A clinician may also ask about family history, past migraine, sleep patterns, tobacco or alcohol exposure, and whether attacks ever switch sides. Eye symptoms may prompt an eye exam, and unusual features may prompt imaging to rule out secondary causes. Specialists use formal diagnostic criteria, but the basic goal is simple: confirm the pattern and make sure something more dangerous is not being missed.

Imaging or other tests may be used when the story is new, the pattern is unusual, or warning signs suggest another cause. That is especially true if the headache is the first of its kind, changes rapidly, comes with lasting neurological symptoms, or does not fit the usual cluster headache duration or behavior.

  • Start and stop times of each attack
  • The exact side and location of pain
  • Eye or nose changes on the painful side
  • Restlessness, nausea, or light sensitivity
  • Possible triggers such as alcohol or sleep changes
  • What you tried and how quickly it helped

Quick tip: Bring a brief headache diary or phone note to your appointment.

Seek urgent care for:

  • A first or worst sudden severe headache
  • New weakness, numbness, confusion, fainting, or speech trouble
  • Fever, stiff neck, or a new rash
  • Vision loss, double vision, or major eye redness
  • Headache after a head injury

Severe one-sided eye pain with vision changes can point to conditions other than cluster headache, including eye emergencies. When that happens, in-person evaluation should not wait.

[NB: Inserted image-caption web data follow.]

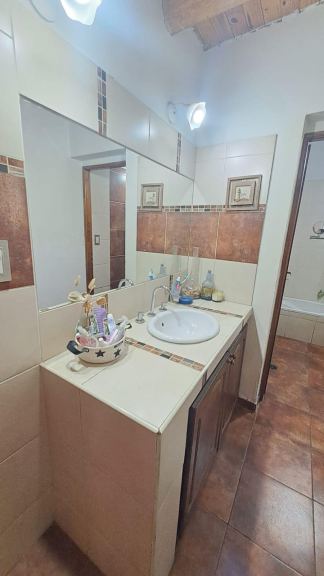 Casa en Venta en Guaymallen, Mendoza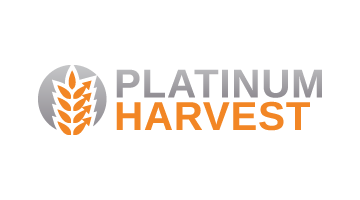 platinumharvest.com is for sale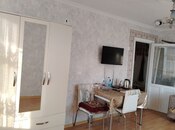 Сдаётся 1-комн. вторичка 36 м², м. Нефтчиляр, photo 2 from 7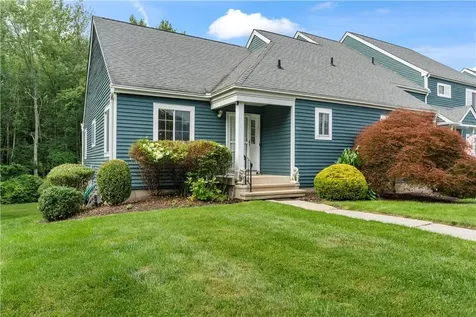 806 Somerset Knoll Brewster NY 10509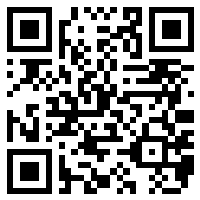 QR Code for bitcoin:38KMNgpwPr6dgoa9DCysfhj78XxbrDRubo
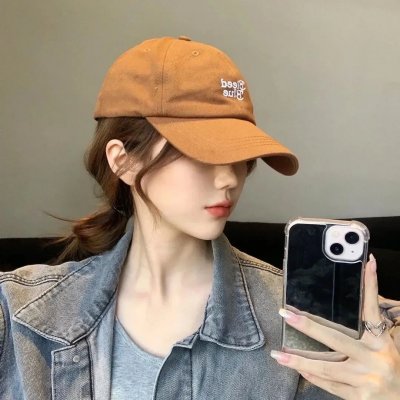 哥们的糗事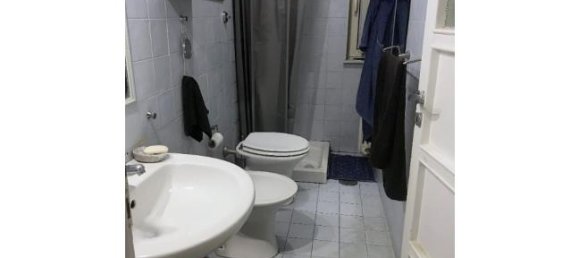 Квартира с 3 комнатами в Неаполь, Италия № 253383 5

Cluster Headache Treatment and Care Options

There is no single best cluster headache treatment for everyone. The usual approach combines fast relief for individual attacks with a plan to reduce how often attacks return during a cluster period. Because the pain rises fast, slow-acting over-the-counter pain relievers often do not work quickly enough once an attack is underway.

Fast Relief During an Attack

Acute treatment for cluster headache often relies on options that work quickly. Oxygen therapy for cluster headaches may help some people when it is prescribed and used as directed. Certain prescription medicines may also be used at the start of an attack. The right choice depends on your medical history, attack frequency, and safety considerations, so treatment is individualized.

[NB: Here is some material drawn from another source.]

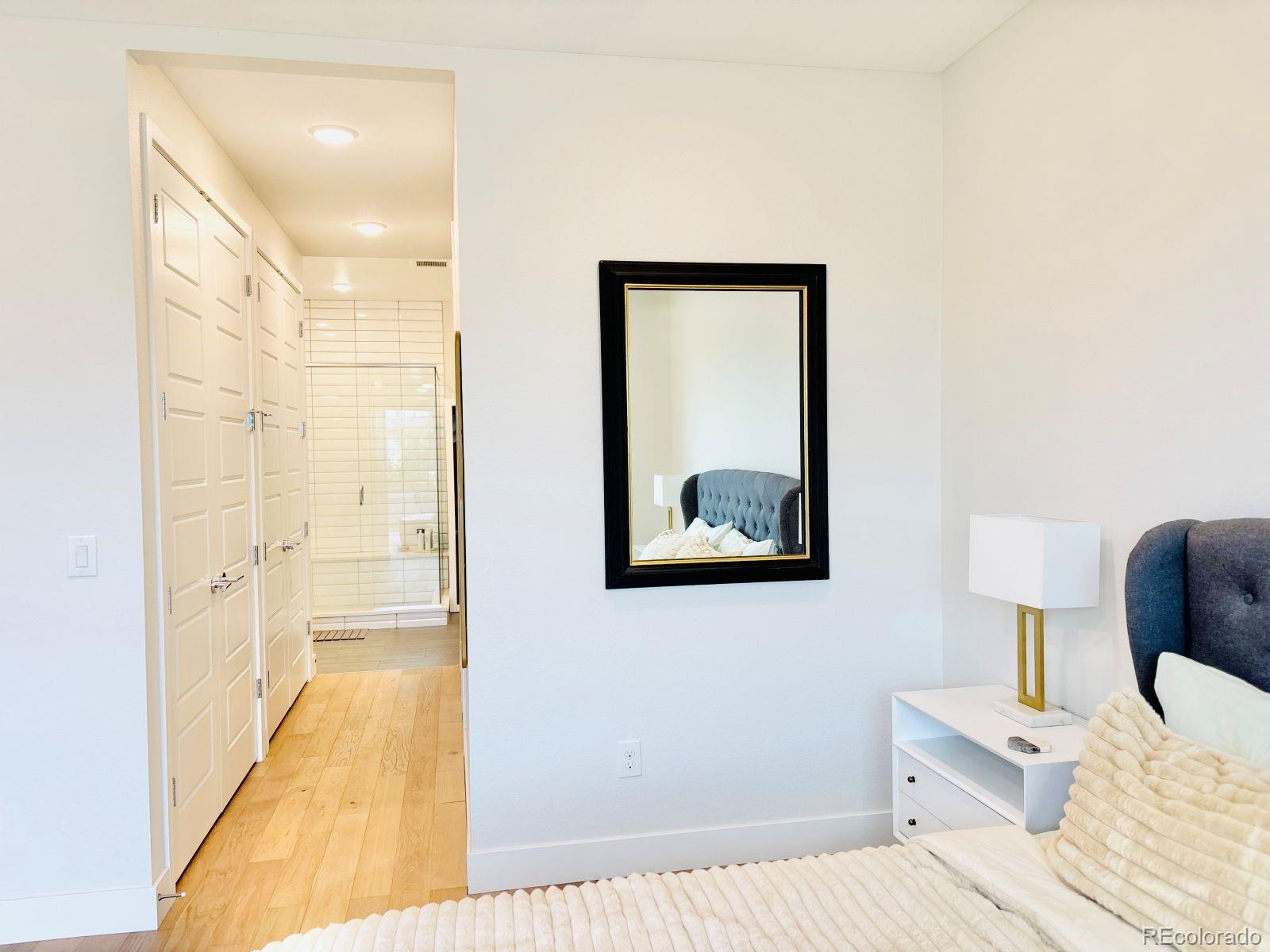 MLS Image #17 for 6058  beeler court,denver, Colorado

Prevention Between Attacks

Prevention matters just as much as acute relief. If attacks are recurring, a clinician may recommend a preventive strategy aimed at shortening the cluster period or reducing daily frequency. Some people also need a short-term bridge plan while longer-acting preventive treatment begins to work. Chronic or hard-to-control patterns may lead to referral to a neurologist or headache specialist.

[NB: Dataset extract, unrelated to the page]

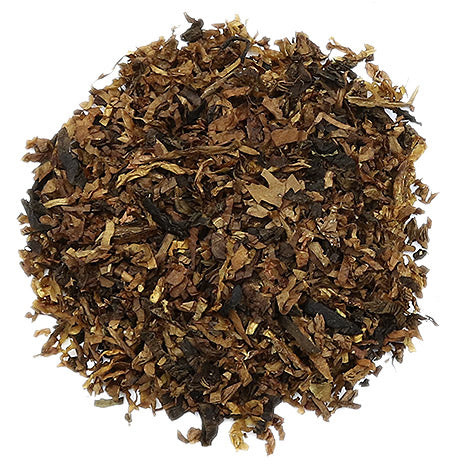 Cornell & Diehl Engine #611 Bulk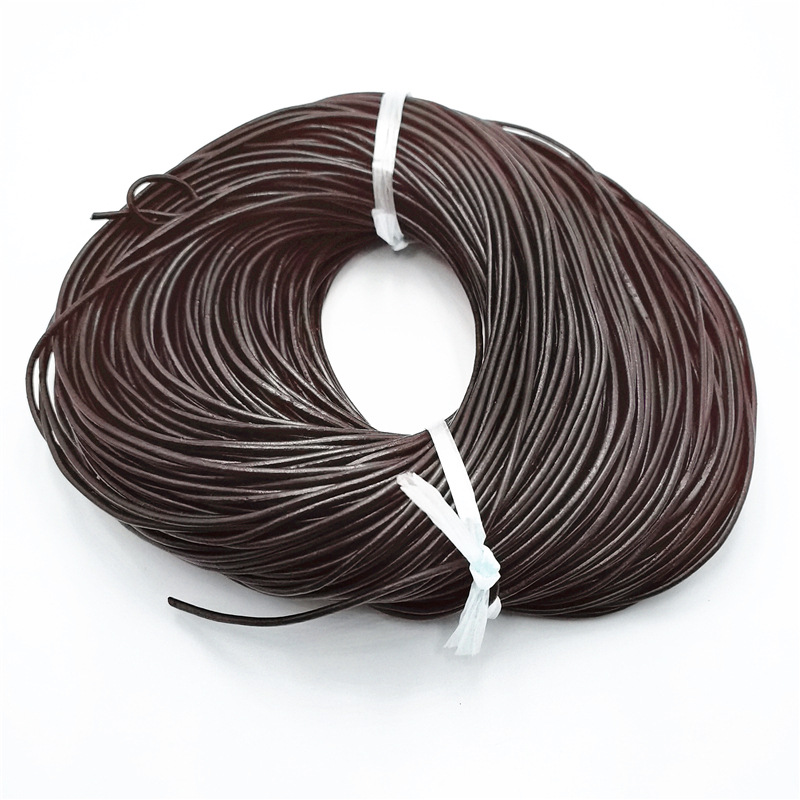 coffee brown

If you are discussing a plan with a clinician, useful questions include whether your pattern looks episodic or chronic, what to do at the start of an attack, what to avoid during an active cluster period, and when follow-up should happen if symptoms change. That kind of plan can reduce uncertainty, especially when attacks strike overnight or return in waves.

Daily habits do not replace treatment, but they can support it. During an active cluster period, avoiding clear triggers, especially alcohol if it reliably sets off attacks, may help. Keeping sleep and wake times steady may also matter because cluster attacks often follow a body-clock pattern. A diary can show whether attacks cluster at night, after certain exposures, or around schedule changes.

Prescription coordination, when appropriate, depends on state rules and partner pharmacies.

For broader reading, browse the Neurology Hub and the Pain And Inflammation Hub. They organize related topics if you want more context around headache disorders and pain conditions.

Authoritative Sources

If you started by asking what is a cluster headache, the short answer is this: it is a distinct headache disorder marked by severe, recurring one-sided attacks and eye or nose symptoms. Because the pain can be extreme and the pattern can overlap with urgent conditions, new or changing attacks deserve professional evaluation and a clear plan for relief and prevention.

This content is for informational purposes only and is not a substitute for professional medical advice.